Mahoney goes on to report that there is a standoff between Paul Boyne and his attorneys.  According to Mahony, "Boyne's public defenders asked the court to order the competency evaluation a month ago..."  All I can say to that is, why in the world would they request a competency evaluation or call into question Paul's competence if they are truly representing him.  In fact, it is my understanding that Paul was in the final stages of a beneficial plea deal when his so called attorneys derailed the agreement with this request for a competency exam. This is not an unusual situation for the Court system in the State of Connecticut, i.e. to fake that a person has a defending attorney simply because they have a warm body next to them.  Clearly, this is not the case when it comes to Paul. 
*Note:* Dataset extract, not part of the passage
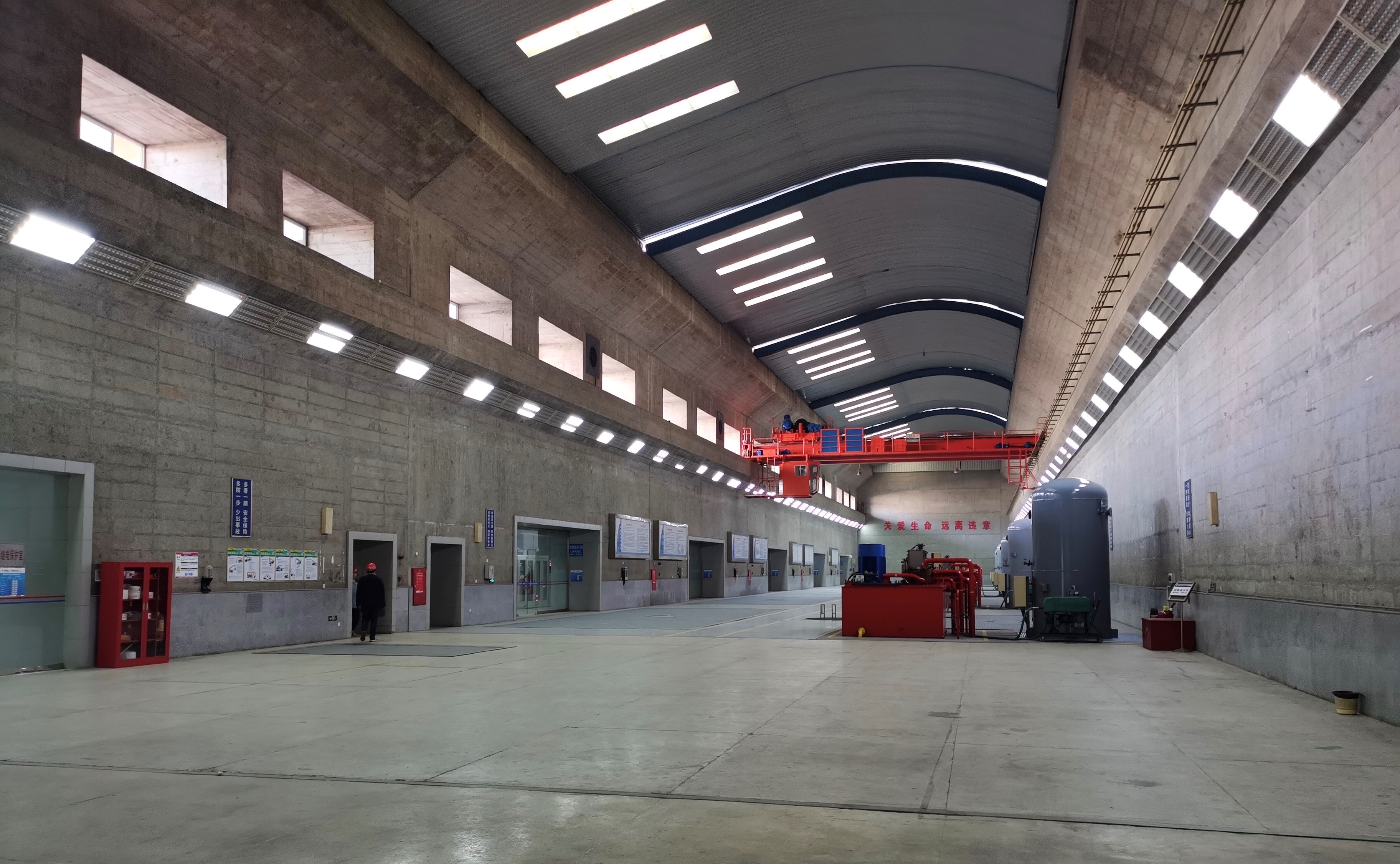 集团米兰官方站网页版在线登入董事长谭建华一行赴分米兰官方站网页版在线登入开展冬季安全生产专项督查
Mahony makes the point that Paul's attorneys are upset with him because Paul insists that a "former associate justice of the state Supreme Court" is behind the case against him. From what I understand, there is concrete documentary evidence of this fact.  So if Paul's public defenders are using that as the basis for claiming he lacks competence, that's kind of silly. 

Apparently, when Judge Peter Brown asked Paul Boyne whether he was going to cooperate with the psychological evaluation, Paul asked Judge Brown why he should.  Judge Brown said, "I'm not going to argue with you."  Perhaps this is because he actually doesn't have a legitimate legal argument.  You may be annoyed that a pro se attorney asks you as a judge for the legal basis for your decision making, but you are legally required to provide one, or some semblance of respect for the process should lead you to provide one.  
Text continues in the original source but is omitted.